__RECORDS PROVIDED__

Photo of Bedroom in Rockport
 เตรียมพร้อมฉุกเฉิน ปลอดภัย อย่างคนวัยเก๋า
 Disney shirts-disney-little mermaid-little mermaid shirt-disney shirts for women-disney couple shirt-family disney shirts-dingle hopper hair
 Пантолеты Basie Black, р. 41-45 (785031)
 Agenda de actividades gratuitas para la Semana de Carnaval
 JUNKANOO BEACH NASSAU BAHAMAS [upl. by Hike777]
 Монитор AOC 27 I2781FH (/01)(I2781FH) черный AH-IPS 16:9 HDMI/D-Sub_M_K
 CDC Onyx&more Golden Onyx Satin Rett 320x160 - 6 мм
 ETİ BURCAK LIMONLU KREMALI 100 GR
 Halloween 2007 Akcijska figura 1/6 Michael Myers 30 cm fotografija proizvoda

__TASK DETAILS__
What you give back must be the stretch above, starting at the line with "Agenda de actividades" and ending at the line with "ETİ BURCAK LIMONLU KREMALI 100 GR", copied exactly.

__WRITTEN ANSWER__
 Agenda de actividades gratuitas para la Semana de Carnaval
 JUNKANOO BEACH NASSAU BAHAMAS [upl. by Hike777]
 Монитор AOC 27 I2781FH (/01)(I2781FH) черный AH-IPS 16:9 HDMI/D-Sub_M_K
 CDC Onyx&more Golden Onyx Satin Rett 320x160 - 6 мм
 ETİ BURCAK LIMONLU KREMALI 100 GR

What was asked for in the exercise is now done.